By Pat Garofalo
In a New York Times op-ed today, billionaire investor Warrenn Buffett renewed his oft-made call for tax increases on the ultra-wealthy. “While the poor and middle class fight for us in Afghanistan, and while most Americans struggle to make ends meet, we mega-rich continue to get our extraordinary tax breaks,” he wrote. “My friends and I have been
coddled long enough by a billionaire-friendly Congress. It’s time for our government to get serious about shared sacrifice.”

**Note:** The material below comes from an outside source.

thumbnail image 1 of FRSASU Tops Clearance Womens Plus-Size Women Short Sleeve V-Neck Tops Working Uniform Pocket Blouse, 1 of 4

Today, 2012 GOP presidential contender Mitt Romney — who has a personal net worth
between $190 million and $250 million — rejected that argument. Reprising a version of his “
corporations are people” argument from last week, Romney claims that Buffett’s taxes are higher than he says they are because he, as a business owner, bears the burden of the corporate income tax. (This argument comes from a piece by the Wall Street Journal’s Stephen Moore, who explicitly believes that
the poor need to pay higher taxes to finance tax cuts for the rich.) Romney went on to claim that raising taxes on the wealthy would actually be a tax increase on small businesses:
Look, I know there are some who say “let’s just tax the rich.” Let’s raise the taxes on the rich…Businesses, small businesses. Are you a sub-S corporation or a c-corp? For those that aren’t familiar with that, that means that his business pays personal income tax. He’s taxes at the personal income tax rate.So if we raise taxes on wealthy people, that means businesses see their taxes go up. I don’t want to raise taxes on employers.